- **PROVIDED RECORDS**:

# # # # #

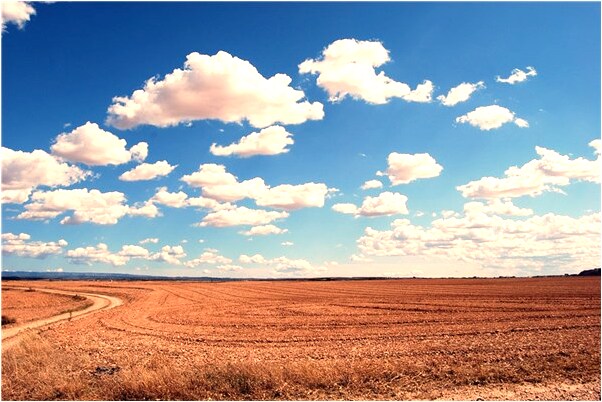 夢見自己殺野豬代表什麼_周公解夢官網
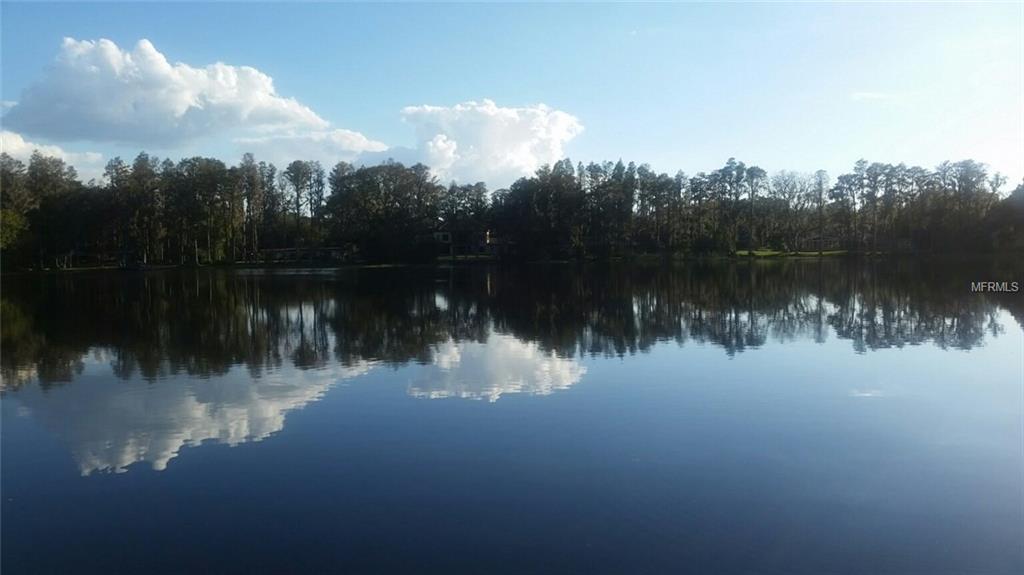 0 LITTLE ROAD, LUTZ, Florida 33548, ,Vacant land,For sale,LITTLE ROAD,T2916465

# # # # #

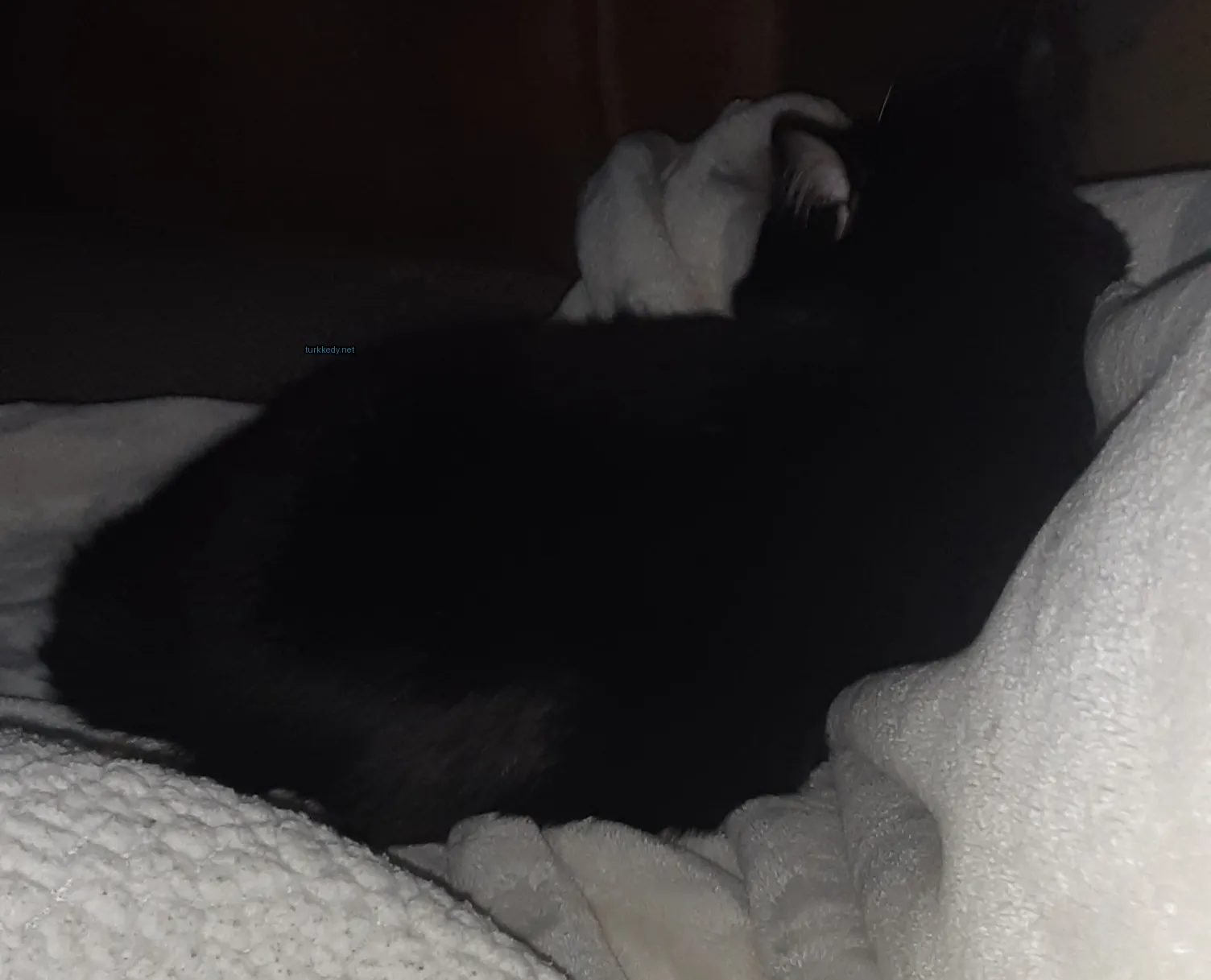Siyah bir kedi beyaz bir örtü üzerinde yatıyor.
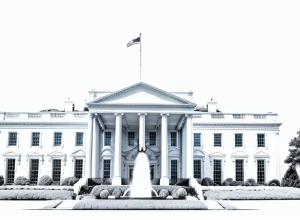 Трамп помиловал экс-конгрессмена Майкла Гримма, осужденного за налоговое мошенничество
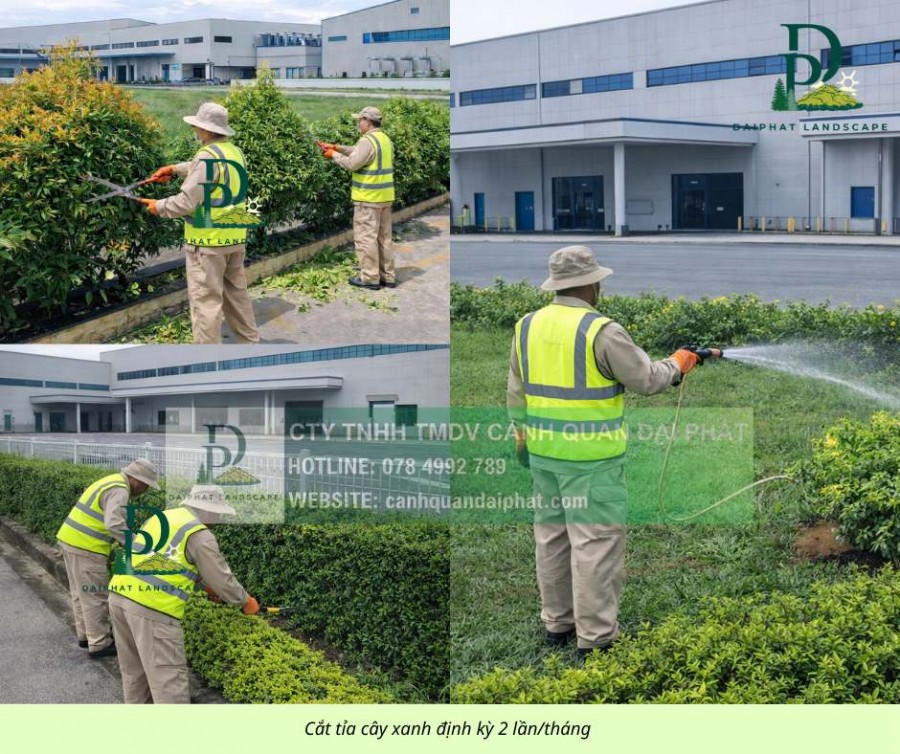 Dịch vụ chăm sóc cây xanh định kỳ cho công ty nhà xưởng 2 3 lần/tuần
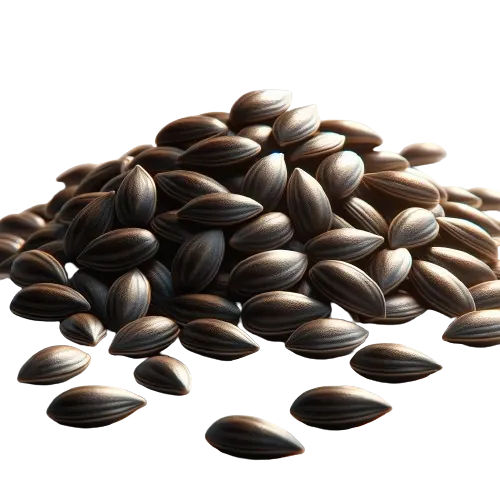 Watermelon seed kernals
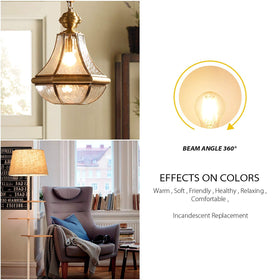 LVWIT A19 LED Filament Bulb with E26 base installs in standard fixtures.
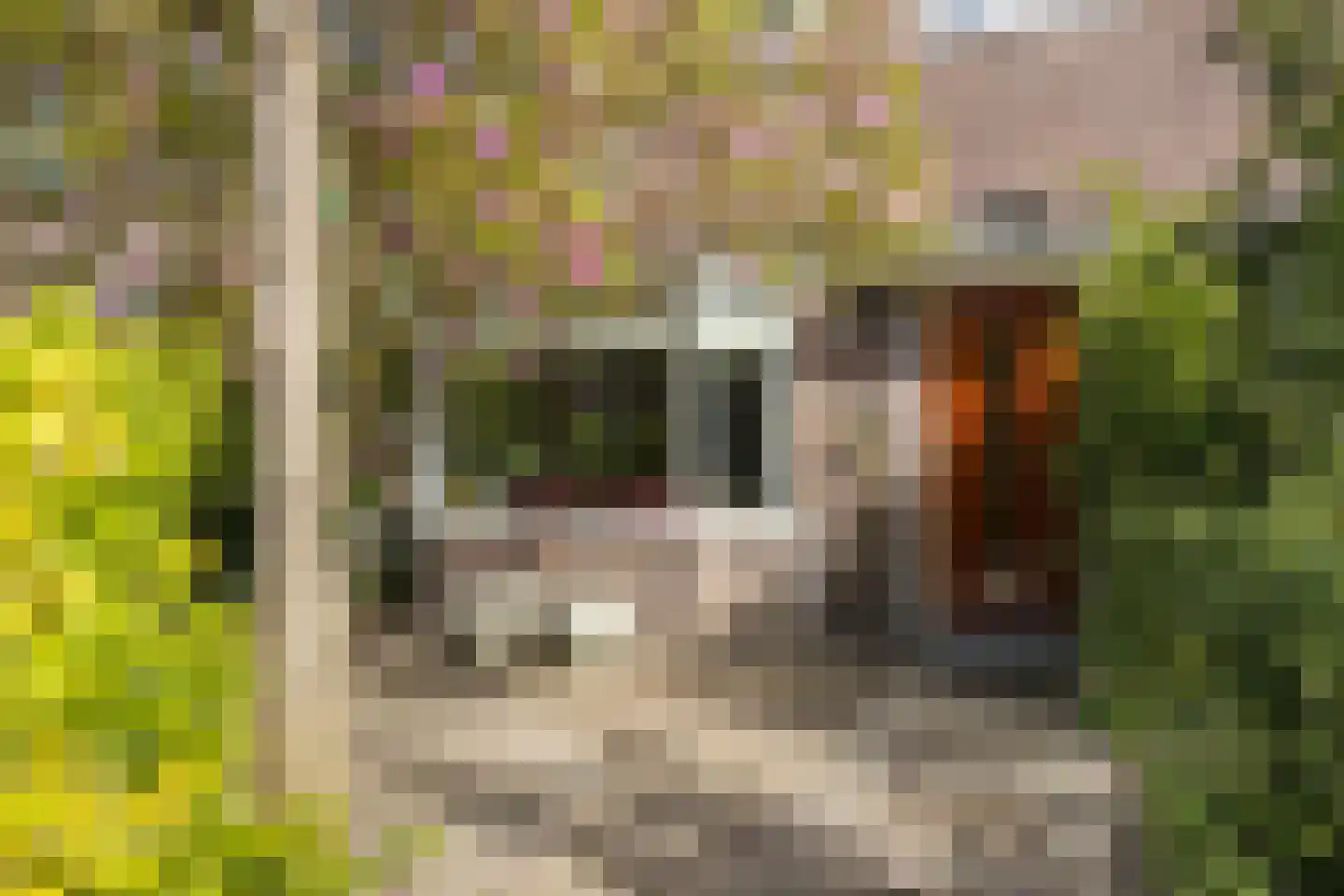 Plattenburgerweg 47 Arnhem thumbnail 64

# # # # #

- **HOW TO COMPLETE THIS TASK**:
The lines above from the line with "LVWIT A19 LED" through the line with "Plattenburgerweg 47 Arnhem thumbnail 64" are to be given again word for word, with no pictures among them.

- **ANSWER TO THE EXERCISE**:
 LVWIT A19 LED Filament Bulb with E26 base installs in standard fixtures.
 Plattenburgerweg 47 Arnhem thumbnail 64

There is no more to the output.